Download (right-click, save target as ...) this page as a jupyterlab notebook from: Lab12


Laboratory 12: Practice with Pandas

LAST NAME, FIRST NAME

R00000000

ENGR 1330 Laboratory 12 - In-Lab

Exercise 1

Profile your computer

Run the script below exactly as written

In [6]:
import sys
! hostname
! whoami
print(sys.executable)
atomickitty
sensei
/opt/jupyterhub/bin/python3

Example

Population Lines

Use pandas to read a dataframe from the file http://54.243.252.9/engr-1330-webroot/4-Databases/census_18.csv.
Then produce a line plot of the counts by age for the 2010 census, x-axis will be the series age, y-axis will be the census values for 2010.

In [12]:
# get the file (using requests, or just download to your computer by hand)
import requests # Module to process http/https requests
#
remote_url="http://54.243.252.9/engr-1330-webroot/4-Databases/census_18.csv"  # set the url
rget = requests.get(remote_url, allow_redirects=True)  # get the remote resource, follow imbedded links
#
junk = open('census_18.csv','wb').write(rget.content) # extract from the remote the contents, assign to a local file same name
In [13]:
# read the file into a dataframe
import pandas as pd
df = pd.read_csv('census_18.csv')
df.head() # Examine dataframe layout
Out[13]:
AGE 2010 2014
0 0 3951330 3949775
1 1 3957888 3949776
2 2 4090862 3959664
3 3 4111920 4007079
4 4 4077551 4005716
In [14]:
# plotting 
df.plot.line(x="AGE", y="2010", label="duh", c="blue")# Make a plot fill in the parameters
Out[14]:
<AxesSubplot:xlabel='AGE'>

Exercise 2:

Using your dataframe from above, plot both the 2010 and 2014 census values by age.

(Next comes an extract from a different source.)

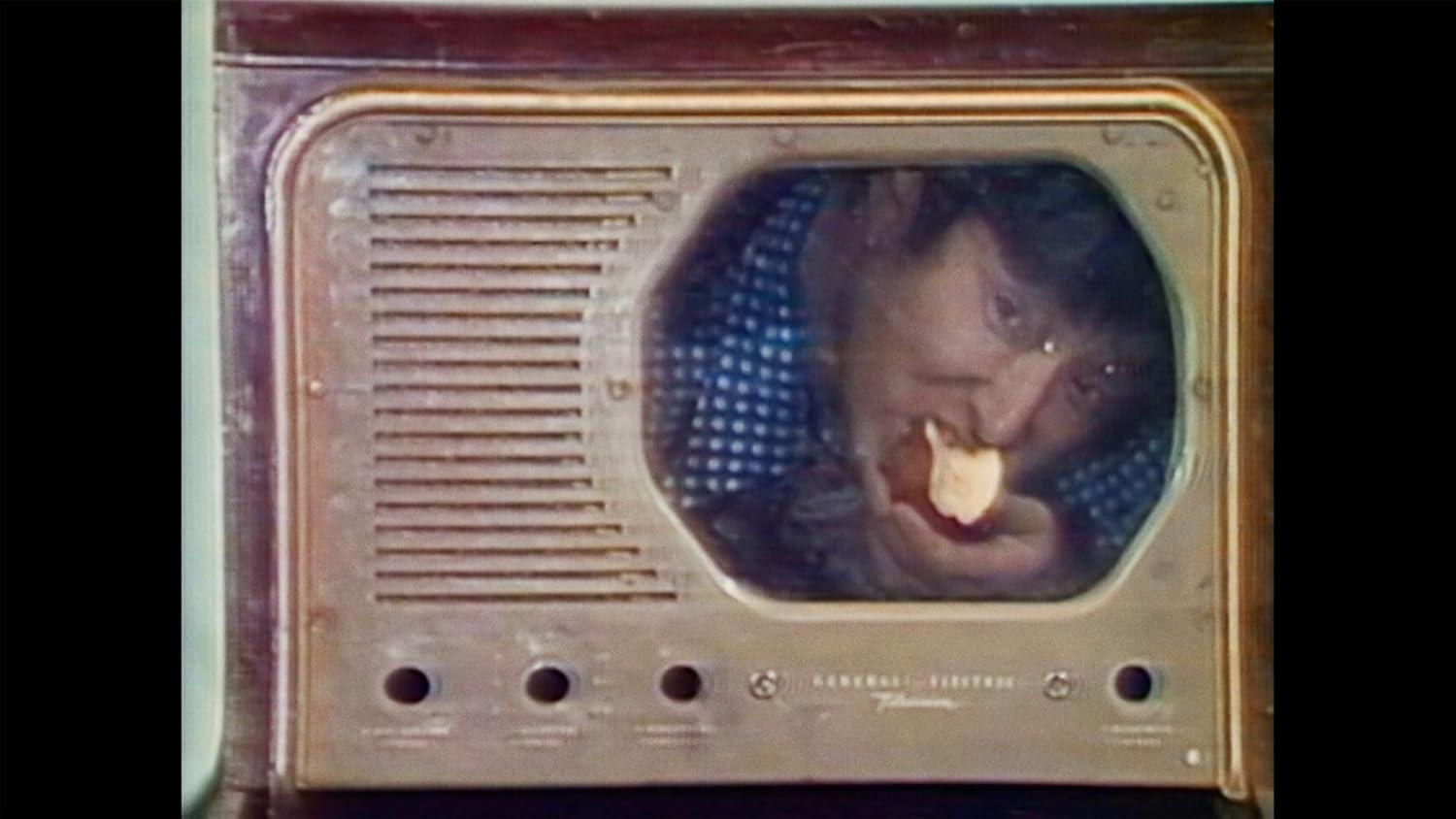 Eine Person in einem blau gepunkteten Hemd isst etwas. Die Person befindet sich in einem alten General Electric Fernseher.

Plot the 2010 distribution in blue and the 2014 distribution in red.

In [ ]:
ax = df.plot.line(x="", y="", label="", c="blue") # fill in the parameters
df.plot.line(x="", y="", label="", c="red", ax=ax)

Exercise 3.

  1. What is population for age = 9 for the 2010 census?
  2. What is population for age = 9 for the 2014 census?
  3. Is the portion of population over 9 years old increasing? decreasing? staying the same?
In [ ]:
# your code here

Bonus

Put the new histogram and the previous one next to each other and explain what you can infer by comparing them.